De toelichting van het bestemmingsplan kent de volgende opbouw. In hoofdstuk 2 worden de huidige situatie en het te realiseren plan beschreven. Hoofdstuk 3 schetst het beleidskader. In hoofdstuk 4 worden de resultaten van de uitgevoerde omgevingsonderzoeken behandeld. In hoofdstuk 5 wordt het bestemmingsplan in juridisch opzicht toegelicht. In hoofdstuk 6 wordt ingegaan op de economische uitvoerbaarheid en in hoofdstuk 7 wordt ten slotte de maatschappelijke uitvoerbaarheid belicht.

Hoofdstuk 2 Het Plan

2.1 Huidige Situatie

In de huidige situatie betreft het plangebied een onbebouwd grasveld gelegen tussen de Oranjestraat en de Beeklaan in de kern Westerhaar-Vriezenveensewijk. Het plangebied wordt omgeven door de woningen aan de Oranjestraat en het appartementencomplex met bijbehorende parkeerplaats aan de Oranjestraat/Beeklaan. Daarnaast bevindt zich ten noorden van het plangebied woonzorgcomplex 't Haarhuus. Aan de westzijde van het plangebied is een aftakking van het Veenkanaal gelegen. In figuur 2.1 is een aanzicht van de huidige situatie van het plangebied weergegeven.
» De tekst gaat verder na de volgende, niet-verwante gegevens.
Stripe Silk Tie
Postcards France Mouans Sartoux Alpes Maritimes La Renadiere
afbeelding "i_NL.IMRO.1700.202024BPWHPH-vas1_0004.png"

Figuur 2.1: Huidige situatie plangebied (bron: Cyclomedia Streetsmart, d.d. 23 juni 2019)

2.2 Toekomstige Situatie

De gemeente Twenterand is voornemens om in het plangebied (Kavel C) zes woningen te realiseren en een kantoorgebouw ten behoeve van zakelijke dienstverlening (bouwkundig bureau). De gemeente Twenterand wenst een flexibele bouwmogelijkheid waardoor het mogelijk is om de woningen zowel vrijstaand, geschakeld als gestapeld te bouwen waarbij de goot- en bouwhoogte respectievelijk 6 en 9,5 meter mag bedragen en het aantal van zes woningen niet mag worden overschreden.
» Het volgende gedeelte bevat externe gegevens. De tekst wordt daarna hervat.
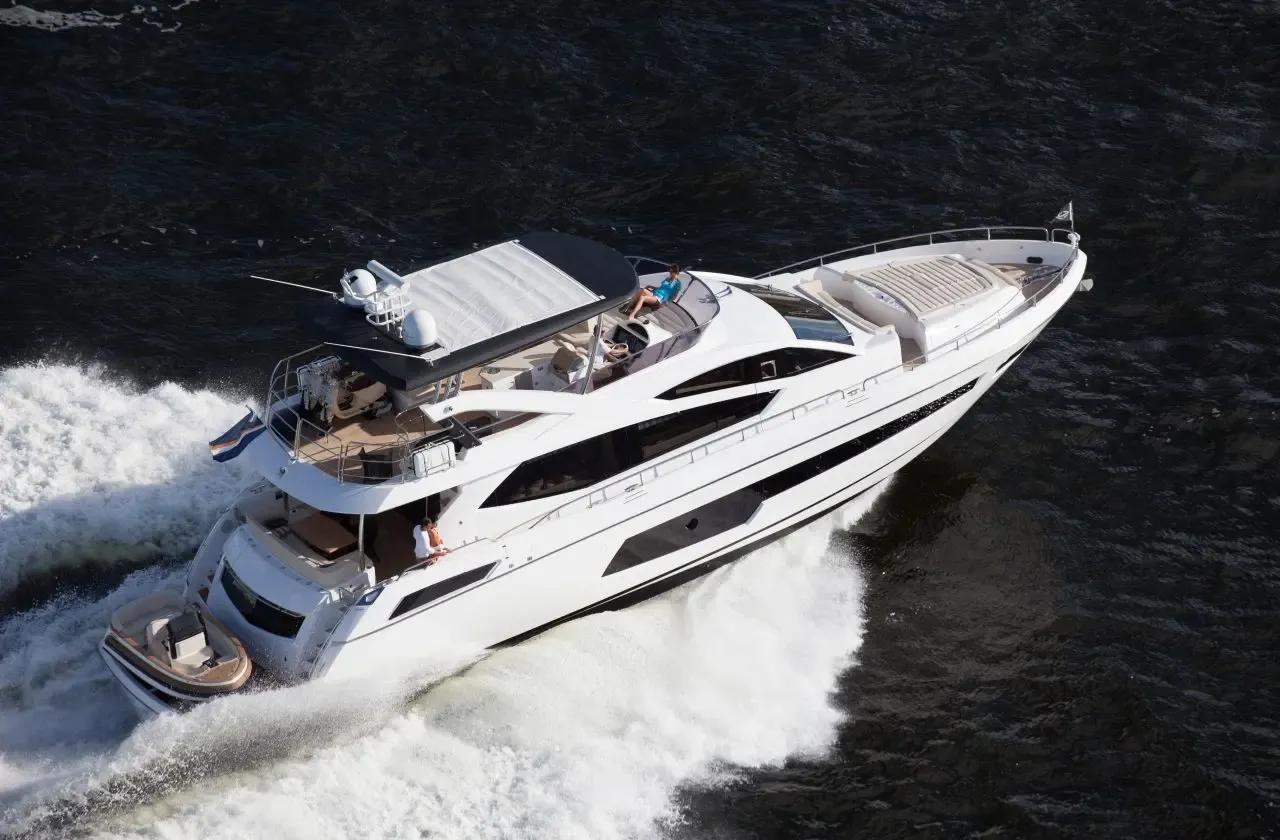 2018 Sunseeker 75 Yacht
Kavel C is gelegen in het gebied 'de Oale Bouw' in de kern Westerhaar-Vriezenveensewijk. Kavel C is een inbreidinglocatie waarmee invulling wordt gegeven aan een braakliggend terrein. De huidige bestemming voor 22 wooneenheden is tot op heden niet ingevuld en zal worden aangepast in een woonbestemming voor 6 eenheden en een kantoorbestemming.

In de 'Oale Bouw' heeft begin deze eeuw deels herontwikkeling plaatsgevonden. Er zijn vier grote gebouwde structuren toegevoegd, te weten een school, Kulturhus/medisch centrum een verzorgingshuis en zorgappartementen (aanleunwoningen).

In de buurt de 'Oale Bouw' heeft woningcorporatie Mijande Wonen veel bezit. De buurt kenmerkt zich door veel twee onder een kap woningen. Mijande Wonen ontwikkelt momenteel plannen om haar bezit te renoveren en te vernieuwen. Het behouden van het herkenbare beeld van de tweekappers is in dit plan een belangrijke waarde.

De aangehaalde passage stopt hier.